A makegood is defined as: Credit given to an advertiser (or advertising agency) by a publication or broadcast medium for an advertisement or commercial spot to make up for an error or unavoidable cancellation on the part of the publication or broadcast medium. The credit is usually in the form of a rerun of the advertisement or commercial.
The main point of the article was that some TV advertisers were being given free digital ad space in lieu of an airtime credit when something went wrong with an ad they had paid for, and in many cases the digital credit was more valuable. This is a pretty new development and one that makes sense for advertisers and the networks – if your TV ad schedule is packed but you have latent digital inventory then it makes sense to give the latter away, regardless of its book value. The alternative – underselling airtime to allow for all the freebies you owe to disgruntled advertisers – is damn costly, and is becoming something of a nightmare for networks battling viewer erosion.
The thing that really grabbed me though, was this fantastic passage mid-way through the article. I’ve maintained for some time that ad execs and their TV counterparts have their heads in their asses, but I never imagined one of them would be stupid enough to state it for the record (albeit anonymously). Of course, I should have known better:
More than a few media executives were astonished that some marketers would agree to [substituting digital makegoods]. “What have we come to?” asks one disgruntled executive. “How can this beat full-screen television? We don’t even know if they can measure the Internet properly, let alone giving us a demographic breakdown.”
Bwa-ha-ha-ha-ha-ha-ha-ha-ha-ha! Are you fucking kidding me? Let’s respond to each point in turn, shall we?
“What have we come to?” It’s called the twenty-first century. You might have heard of it? It started about 70 years after the birth of the TV industry, and ten years after the end of the decade you, your colleagues and the entire advertising industry are stuck in (in case you’re still hungover from yesterday’s coke-and-Dom-fueled “lunch”, I’m referring to the 80’s). Were the 90’s that scary? Was grunge so terrible you all just decided “Fuck this, we’re going back to the 80’s. Shoulder pads, Miami Vice and Flock of Seagulls.

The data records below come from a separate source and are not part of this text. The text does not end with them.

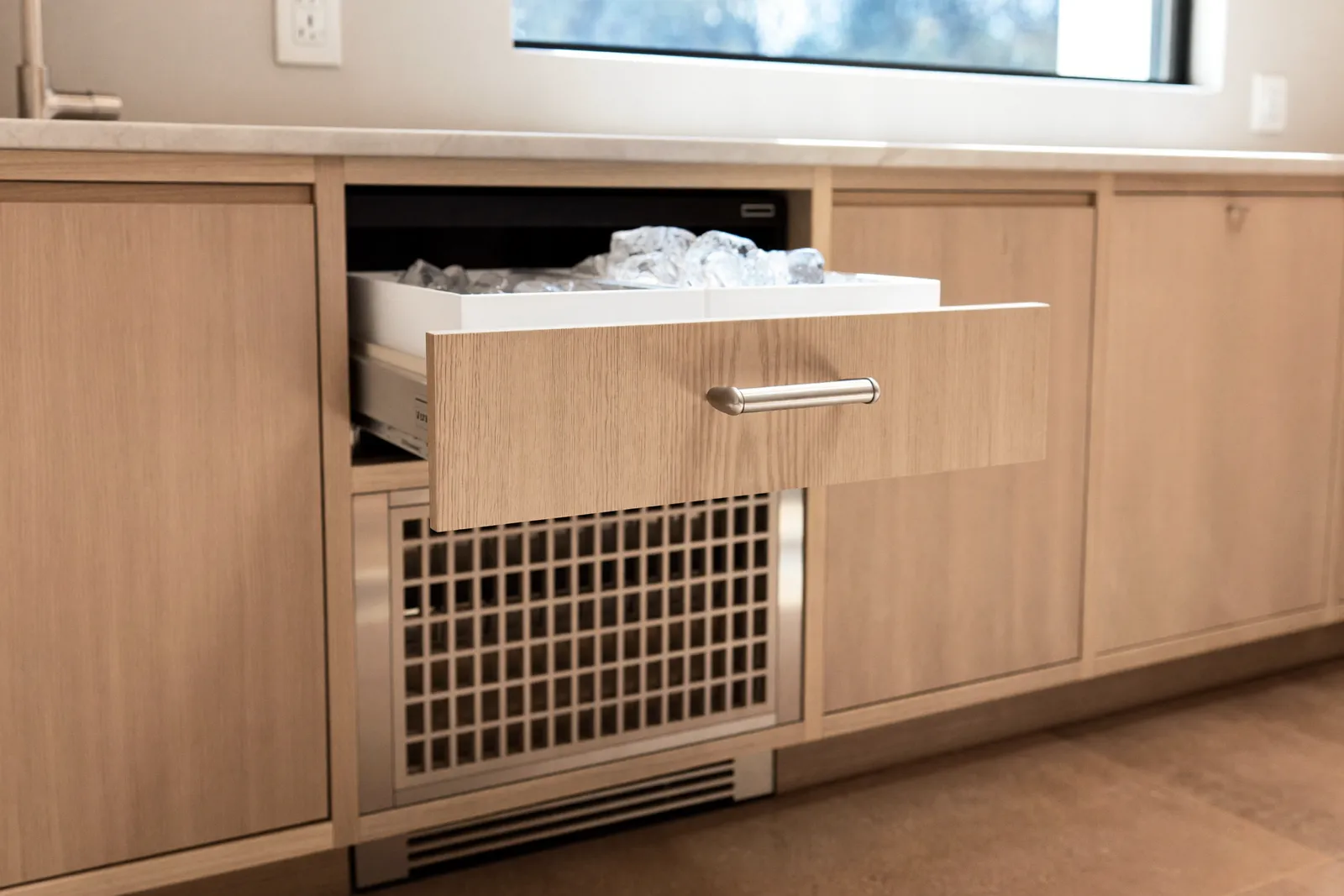 An open undercounter ice maker drawer filled with ice cubes
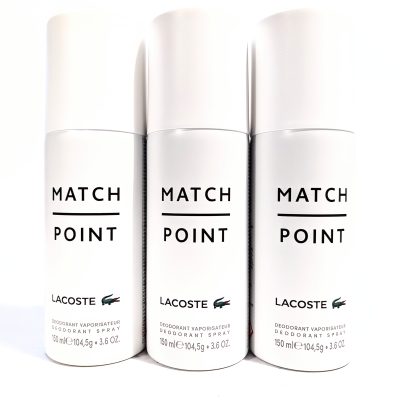 Three white bottles of Lacoste Match Point deodorant spray are displayed in a row. Each bottle is labeled with "MATCH POINT" in bold letters and the Lacoste logo.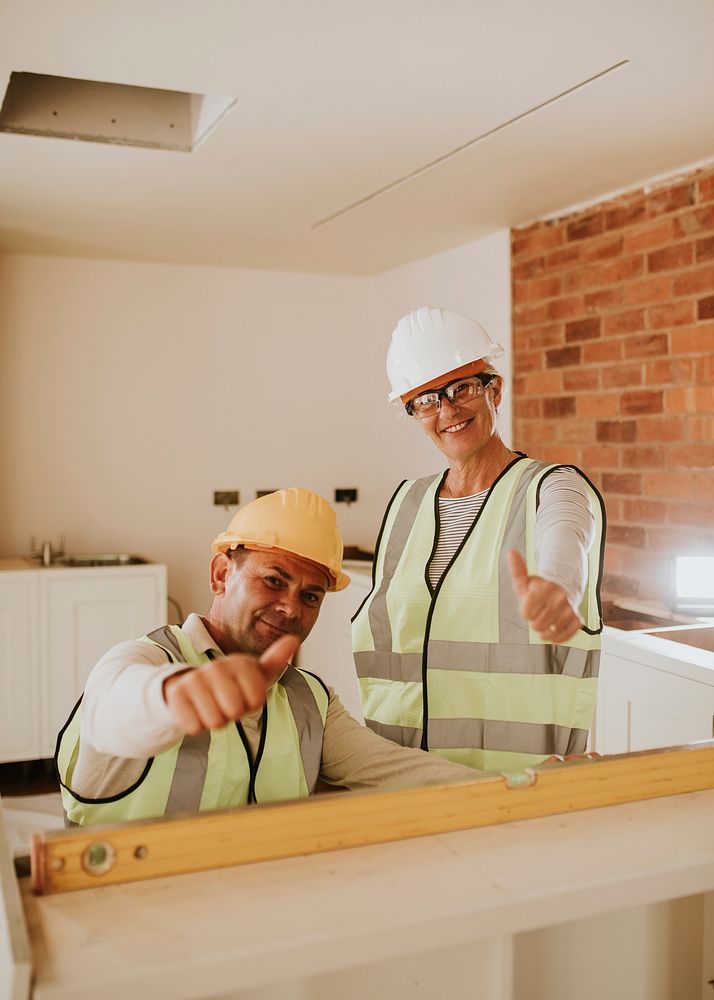 Contractor coworkers thumbs up at a construction site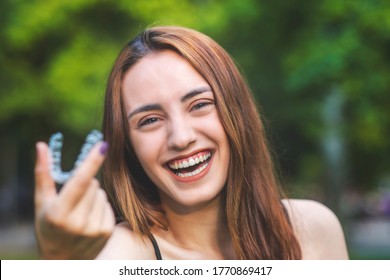 Beautiful smiling Turkish woman is holding an invisalign bracer with vibrant colors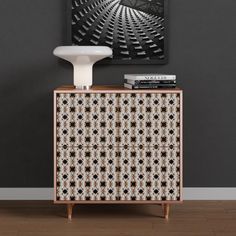 a white vase sitting on top of a wooden cabinet next to a painting and books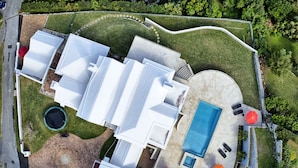 Vista aérea de una propiedad con piscina, mobiliario exterior y una estructura de ladrillo.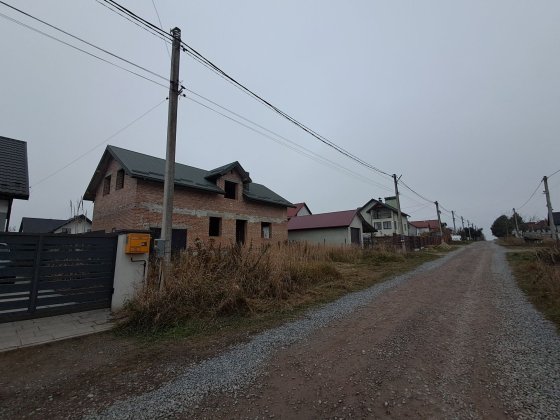 Продаж ділянки з незавершеним домом у Пустомитах Пустомыты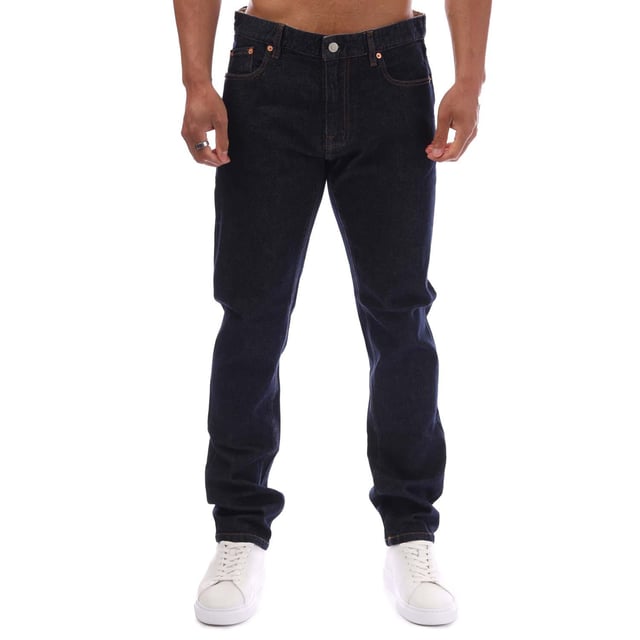 Mens Belstaff Rinsed Denim Longton Slim Fit Jeans in indigo.- 5-pocket construction.- Reinforced seat pockets.- Zip fly and button fastening.- Belstaff badge at back waist.- Embroidered phoenix patch at rear right pocket.- Mid rise.- Slim fit.- Regular inside leg length approx. 32  Long inside leg length approx. 34.- Main material: 100% Cotton.  Pocket lining: 65% Cotton  35% Polyester.  Machine washable.- Ref: 104242INDGOMeasurements are intended for guidance only.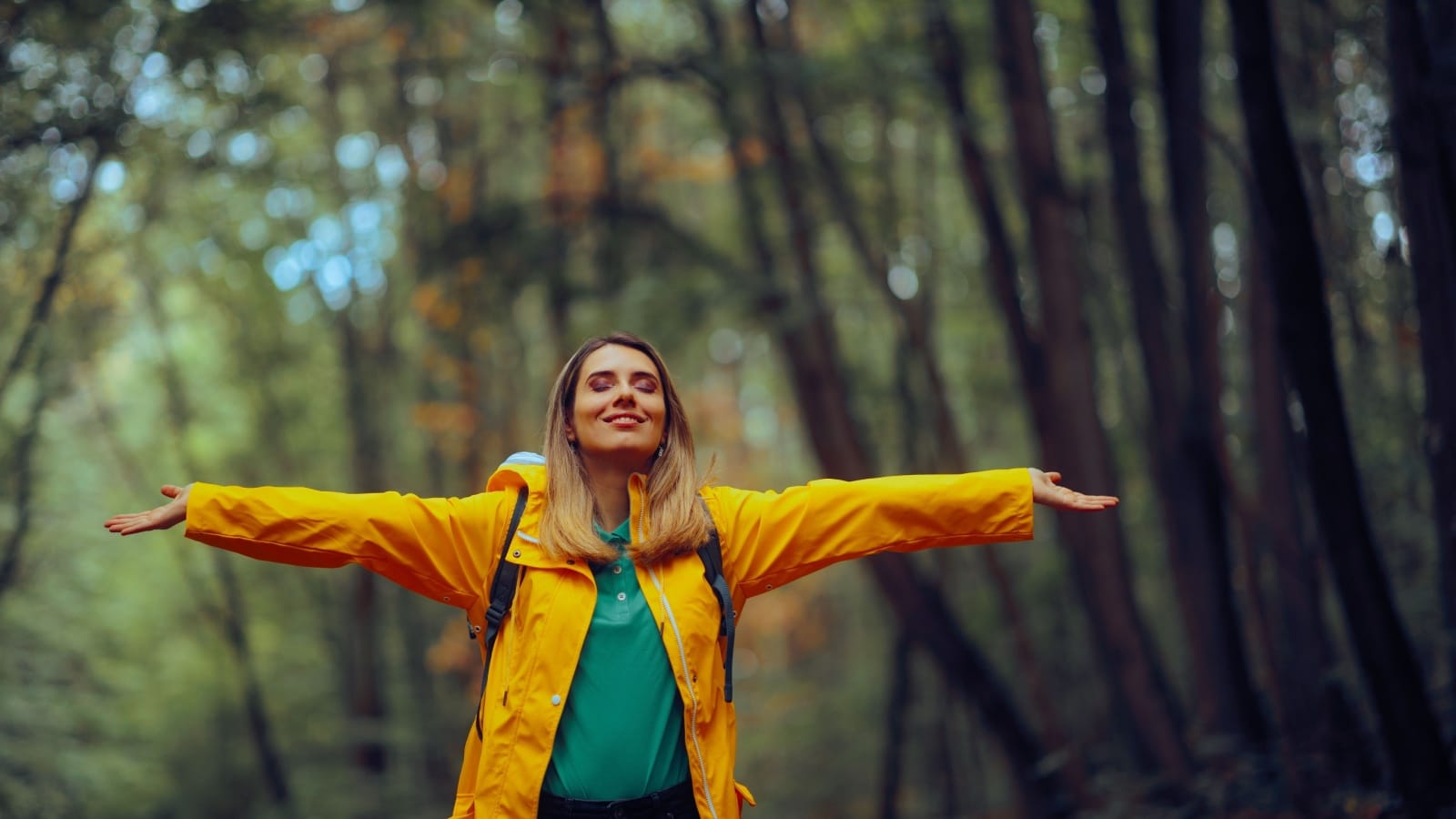 A happy woman enjoying nature to represent reasons to be happy.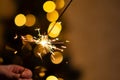 Christmas banner with copy space. Burning sparkler with bokeh light background. Sparks of sparkler on background of New Year`s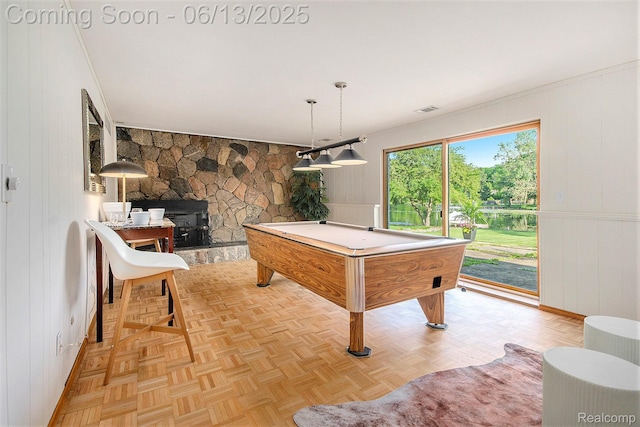 3255 School House Dr, Waterford, MI 48329 - playroom featuring billiards table, a wood stove, and wooden walls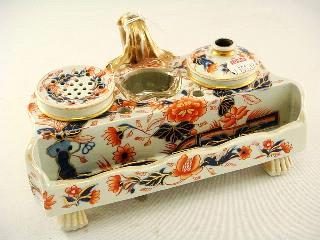 Lot # 408 408 "Old Japan" pattern inkstand. $200 - $400 Lot # 409 409 two handled vase with pierced cover, ht. 15 1/2". 250 Three Continental silver apostle spoons.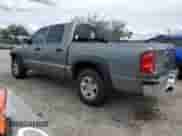 2006 Dodge Dakota SLT с VIN 1D7HE48KX6S526138, выставлен на аукционе Copart как лот 81651565 с пробегом 152 813 миль миль и Списание • Salvage title. История ставок и продаж доступна на DreamBid. Изображение 2.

Woohoo!” If and when you do decide to catch up with the rest of the world, brace yourself: OJ killed somebody but got away with it, Magic Johnson got HIV but it didn’t kill him, America invaded Iraq (twice), Michael Jackson molested a bunch of kids, and to make matters worse they made a Sex and the City movie!
“How can this beat full-screen television?” Um, by being relevant, interactive, measurable and less intrusive. You should give this Interweb-thingy a try sometime, dude – it’s really swell!
“We don’t even know if they can measure the Internet properly, let alone giving us a demographic breakdown.” WTF? Of course we can measure the Internet properly! We can measure everything, that’s what’s so damn cool about the medium! Sure, some analytics tools are better than others, but even the crappy hit counters we used to stick on our FrontPage sites in the 90’s were more accurate than anything the TV networks have. I mean for God’s sake – do any of you know someone with a people meter? Talk about the pot and the fucking kettle!
What the hell, I needed a laugh today. Sweet.